## Problem to solve:
Retype, exactly and completely, the listing that comes next, skipping its images.

## Information supplied:
━━━━━━━━━━━━━━━━

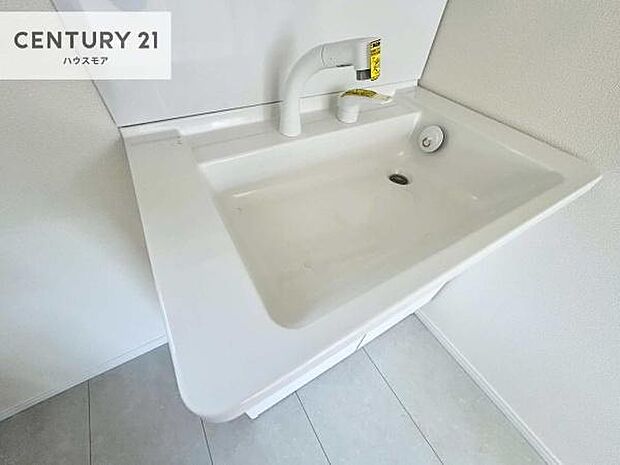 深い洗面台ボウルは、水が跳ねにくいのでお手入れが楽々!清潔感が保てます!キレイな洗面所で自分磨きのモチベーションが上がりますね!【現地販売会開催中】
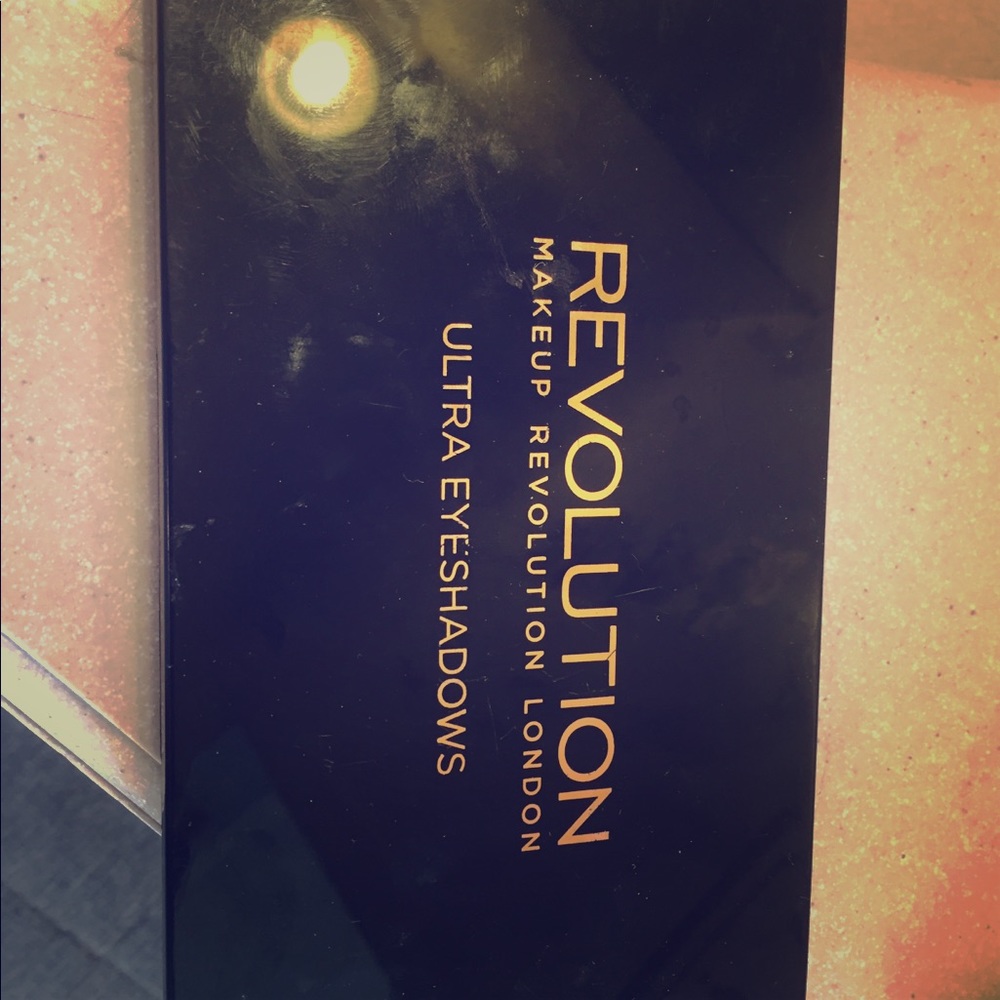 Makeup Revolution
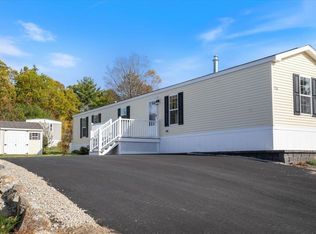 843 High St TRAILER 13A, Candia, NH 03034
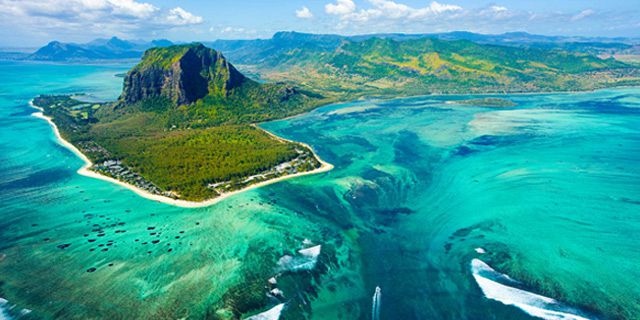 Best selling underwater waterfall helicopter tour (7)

━━━━━━━━━━━━━━━━

## Result for this exercise:
 深い洗面台ボウルは、水が跳ねにくいのでお手入れが楽々!清潔感が保てます!キレイな洗面所で自分磨きのモチベーションが上がりますね!【現地販売会開催中】
 Makeup Revolution
 843 High St TRAILER 13A, Candia, NH 03034
 Best selling underwater waterfall helicopter tour (7)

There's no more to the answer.